The conservation groups say one of the consistent failings in the proposals for Utah and for Idaho and southwest Montana is the allowance of oil and gas drilling and associated roads and infrastructure near sensitive grouse habitat.

BLM's National Technical Team of sage grouse experts in late 2011 issued a report recommending that new industrial activity not be allowed within 4 miles of grouse breeding areas, called leks. BLM's draft EIS in Utah would include a 4-mile buffer for new oil and gas developments, but that won't mean much because the proposal does not require such a buffer for existing leases in the state, said Allison Jones, a conservation biologist with the Wild Utah Project.

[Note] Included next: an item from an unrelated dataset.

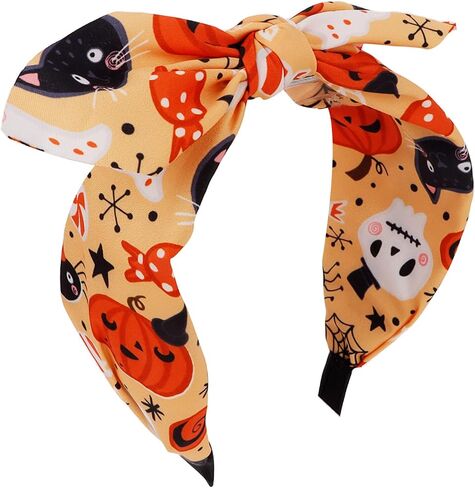Jaciya Halloween Headband Bow Orange Headbands for Women Girls Pumpkin Ghost Headband Halloween Accessories in Saudi Arabia
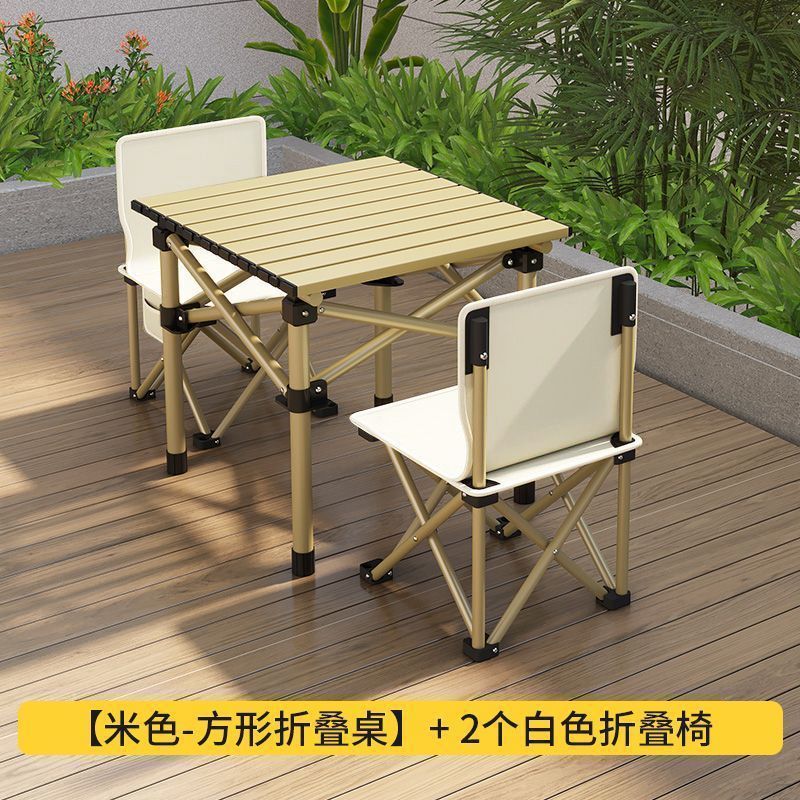 Khaki 52cm long table and 2 36cm folding chairs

"Much of the most important sage grouse habitat in eastern Utah is already leased for oil and gas development," Jones said. "If the oil and gas industry is allowed to pursue high-density drilling on leases they already have, these lands will lose their value as strongholds for sage grouse."

And that, in turn, spells trouble for the fate of the sage grouse, said Kevin Mueller, program director for the Utah Environmental Congress.

"The bird's decline and widespread loss of habitat are warning us that things are out of balance and that our Western lands, clean air and water, and wildlife are at risk," Mueller said. "If everyone works together, we can establish common-sense safeguards that protect wildlife habitat and economic opportunities for us and for future generations."